*Exercise description*. A word-for-word copy of the following listing is needed. Leave out its images.

*Information provided*.
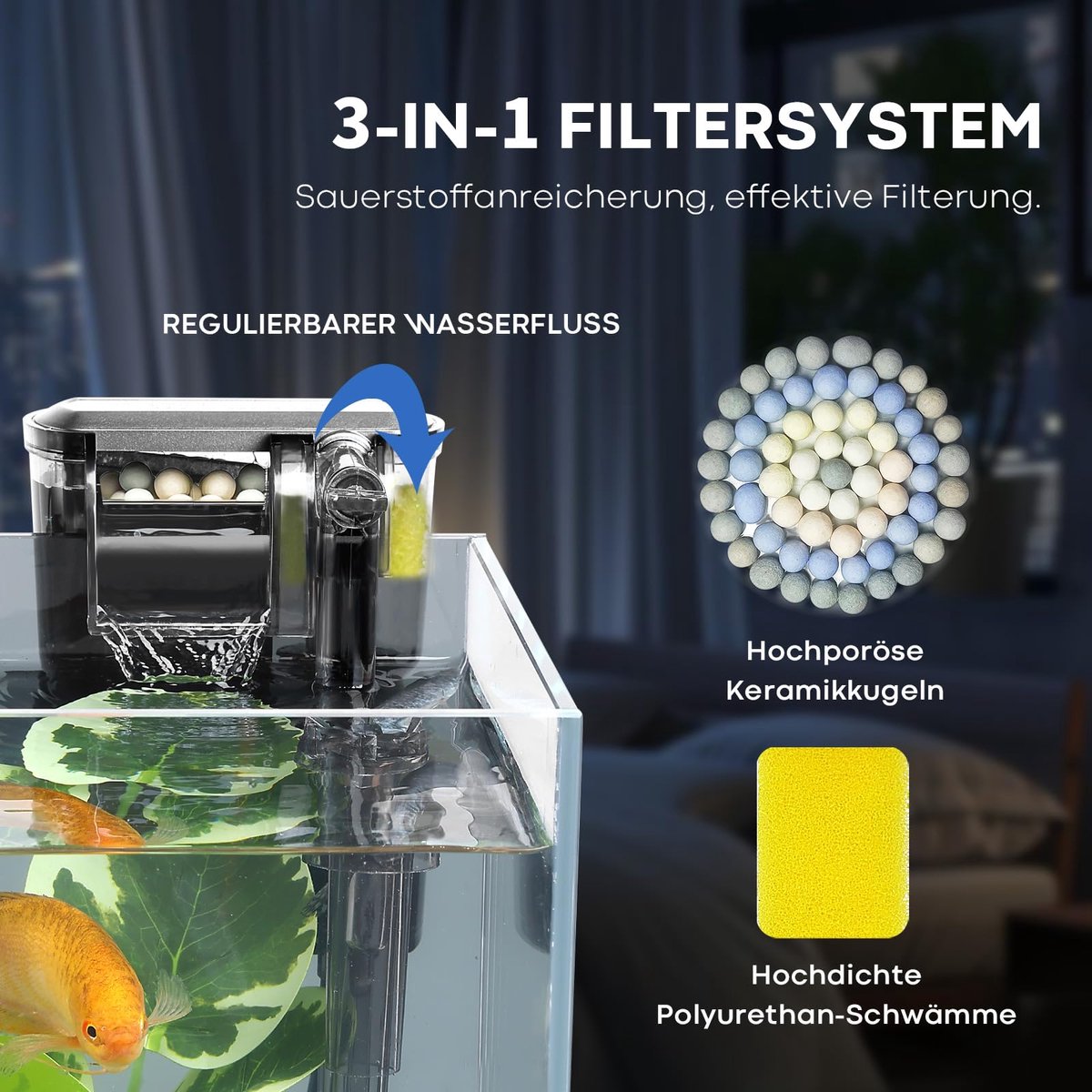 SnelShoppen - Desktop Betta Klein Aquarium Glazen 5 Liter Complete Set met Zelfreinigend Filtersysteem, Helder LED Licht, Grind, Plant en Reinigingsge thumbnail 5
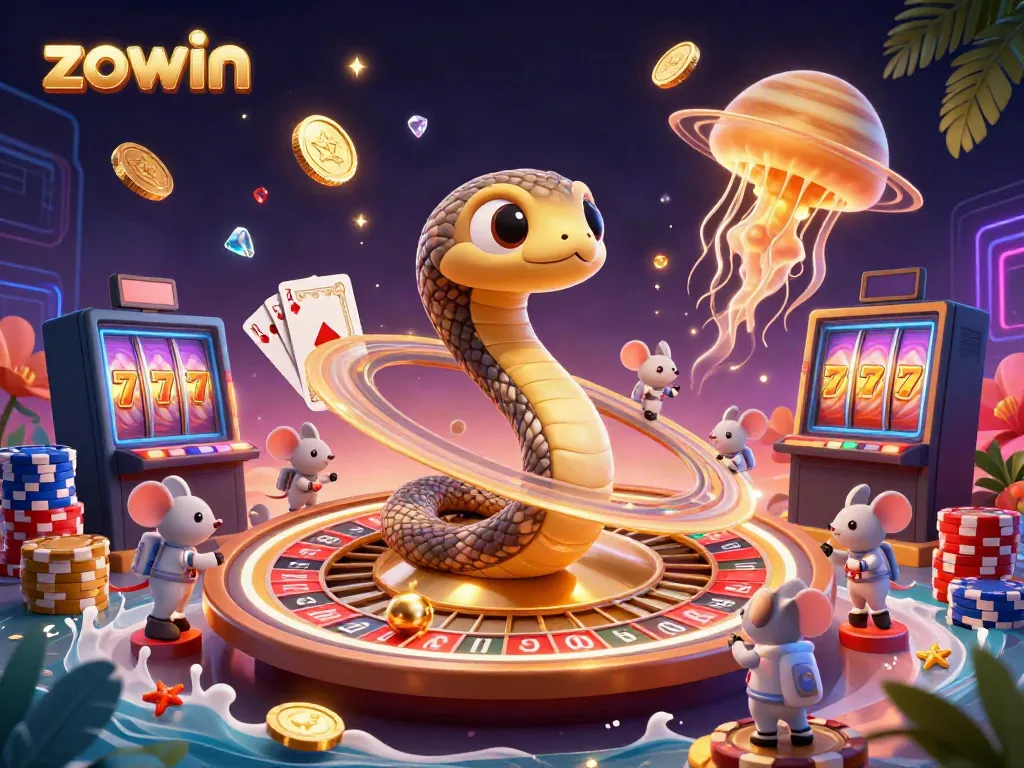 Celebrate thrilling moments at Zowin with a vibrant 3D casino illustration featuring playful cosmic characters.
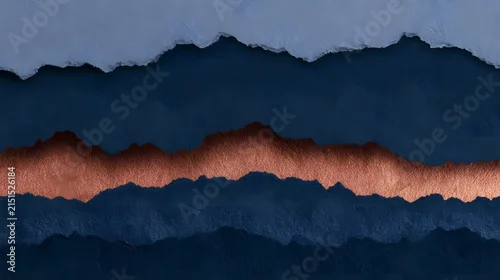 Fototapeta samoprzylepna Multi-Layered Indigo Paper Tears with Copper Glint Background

*Solution to the exercise*.
 SnelShoppen - Desktop Betta Klein Aquarium Glazen 5 Liter Complete Set met Zelfreinigend Filtersysteem, Helder LED Licht, Grind, Plant en Reinigingsge thumbnail 5
 Celebrate thrilling moments at Zowin with a vibrant 3D casino illustration featuring playful cosmic characters.
 Fototapeta samoprzylepna Multi-Layered Indigo Paper Tears with Copper Glint Background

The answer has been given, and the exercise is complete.